Scientists Find That Speaking Quietly Can Drastically Curb The Spread Of Coronavirus | Here’s How

Speaking more quietly can drastically reduce the spread of deadly coronavirus, a study has found. COVID-19 transmission would go down if we spoke less, or less loudly, in public spaces.

A reduction of just six decibels can have the same effect on cutting transmission than doubling a room’s ventilation, scientists claim.

“The results suggest public health authorities should consider implementing ‘quiet zones’ in high-risk indoor environments, such as hospital waiting rooms or dining facilities,”

wrote researchers from the University of California.

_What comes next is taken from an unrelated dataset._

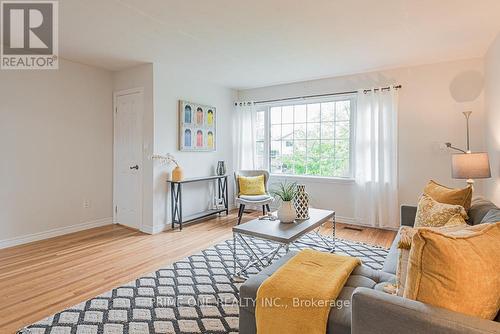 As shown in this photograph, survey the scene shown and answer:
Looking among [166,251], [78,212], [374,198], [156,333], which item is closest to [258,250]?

In July, the World Health Organisation changed its guidance to acknowledge the possibility of aerosol transmission, such as during choir practice, or when in noisy restaurants or fitness classes.

READ ALSO: Young Children Carry Higher Levels Of Coronavirus- New Study

Microscopic droplets ejected while speaking quickly evaporate to leave behind aerosol particles big enough to carry the virus, the new paper showed. An increase of about 35 decibels in loudness – or the difference between whispering and shouting – boosts the particle emission rate by FIFTY times.

Normal conversation is above the 10-decibel range, while ambient noise in restaurants is around 70.

“Not all indoor environments are equal in terms of aerosol transmission risk,”

said lead researcher William Ristenpart.

“A crowded but quiet classroom is much less dangerous than an uncrowded karaoke bar where patrons are socially distanced but talking and singing over loud music.”

When it comes to singing the volume produced is a big factor when calculating risk, an earlier study revealed. The resarch – called Perform – looked at the amount of aerosols and droplets generated by different performers.

Twenty-five professional performers of different genders, ethnicities, ages and backgrounds – musical theatre, opera, gospel, jazz and pop – took part in the study that was led by scientists at the University of Bristol.

They individually completed a range of exercises, which included singing and speaking ‘Happy Birthday ‘at different pitches and volumes, in an operating theatre where there were no other aerosols present.

This allowed researchers to analyse the aerosols produced by specific sounds. They found that the volume of the voice had the largest impact on the amount of aerosol produced.